Author: Karol Matusiak (2012)

The aim of the master’s thesis was to implement an application for mobile devices which would enable identification of everyday life objects in images recorded by the built-in camera. Analysis of the image identification methods demanding relatively low computing complexity was performed and the requirements of the designed application were determined. On the basis of the analysis it was decided to implement two versions of application: one using standard Scale-Invariant Feature Transform and a second one linking the SIFT transform and the Features from Accelerated Segment Test algorithm used for keypoint detection. Both algorithms provide the detection of stable characteristic features of images. The SIFT transform builds descriptors which are to a considerable degree independent from the conditions of image recording, such as: rotation, noise, scale and brightness changes. As the target mobile platform, a group of developed mobile phones with operating system Android was selected.

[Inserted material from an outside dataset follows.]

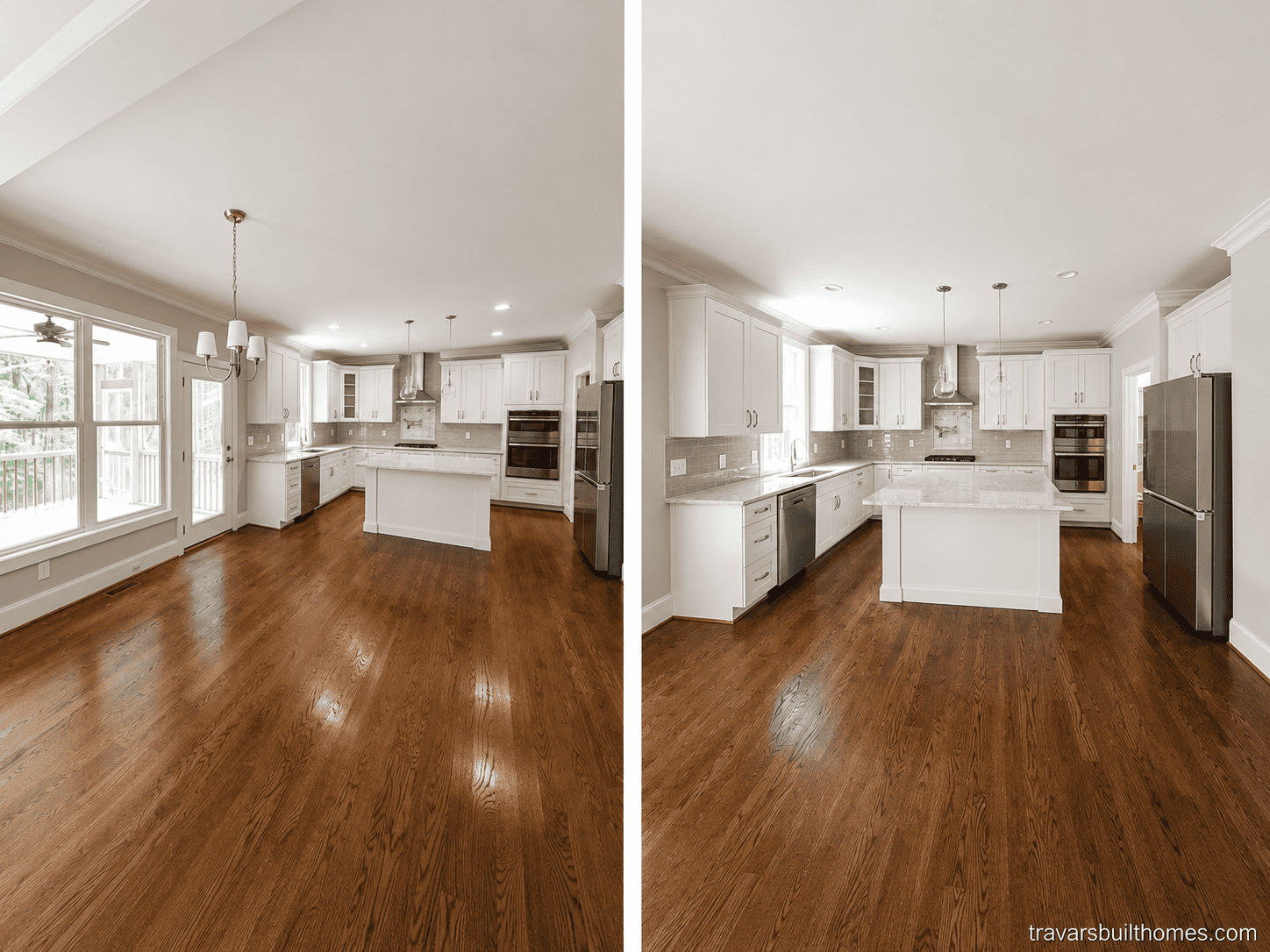 Kitchen — Riverstone B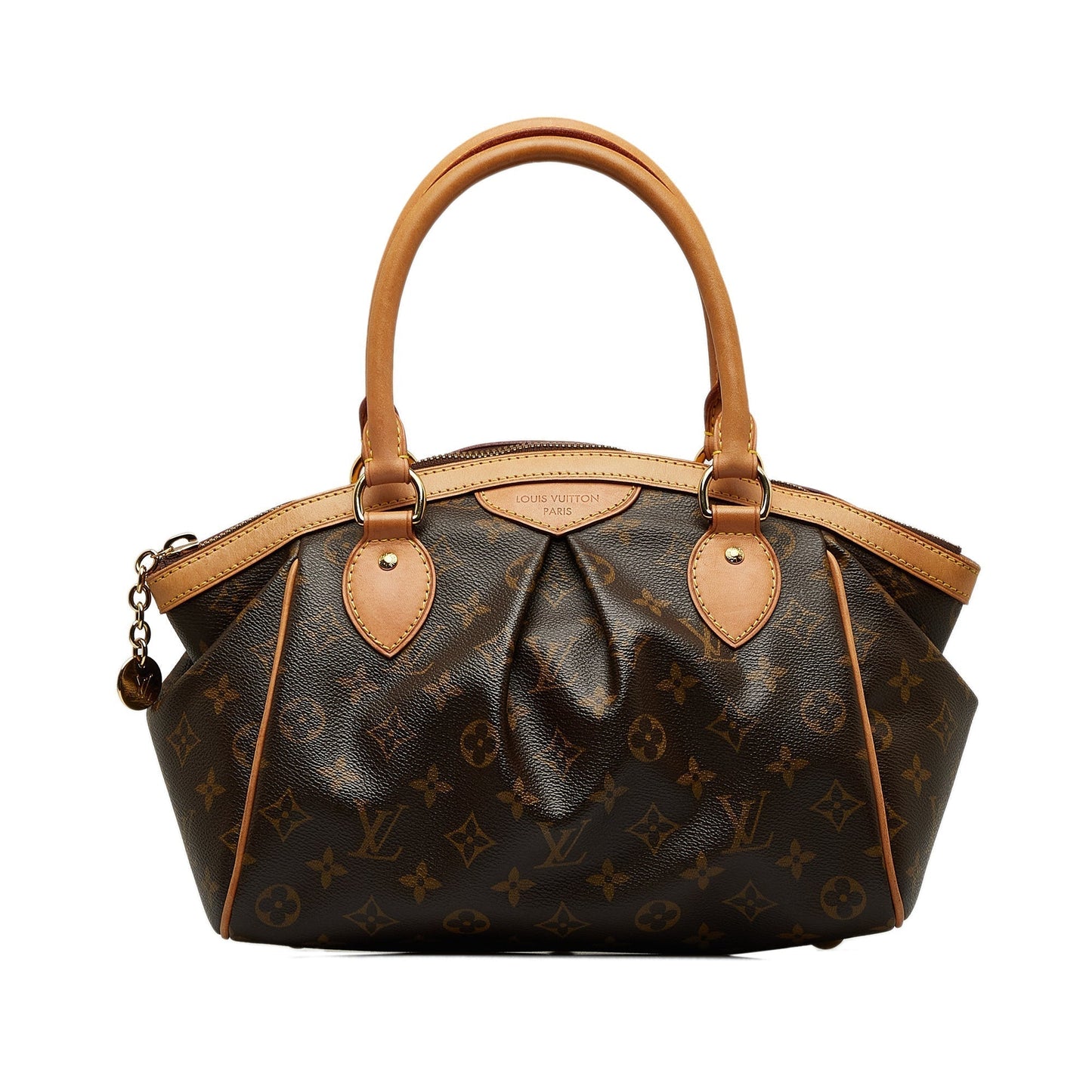 LOUIS VUITTON Monogram Tivoli PM Handbag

The program uses the touch screen interface of the mobile device. The recording of an image is done through the digital camera built into the device. The program enables the user to build a database of patterns and to compare the recorded images with these patterns using a modified nearest neighbor classifier.
Application tests were conducted on 4 objects, whose patterns were created and stored in the database. Afterwards, 12 test photos were compared against the database contents. The test results have shown that the performance of the application using the FAST algorithm is 3,5 times faster than the version using standard SIFT. In case of proper detection both programs had same success rate – 83%, but with more accuracy for the standard SIFT. In the summary, the application performance assessment and the possibilities of its improvement and development are proposed.
The application can be used as an aid for people with sight disabilities, city or tourist guides or in virtual reality systems.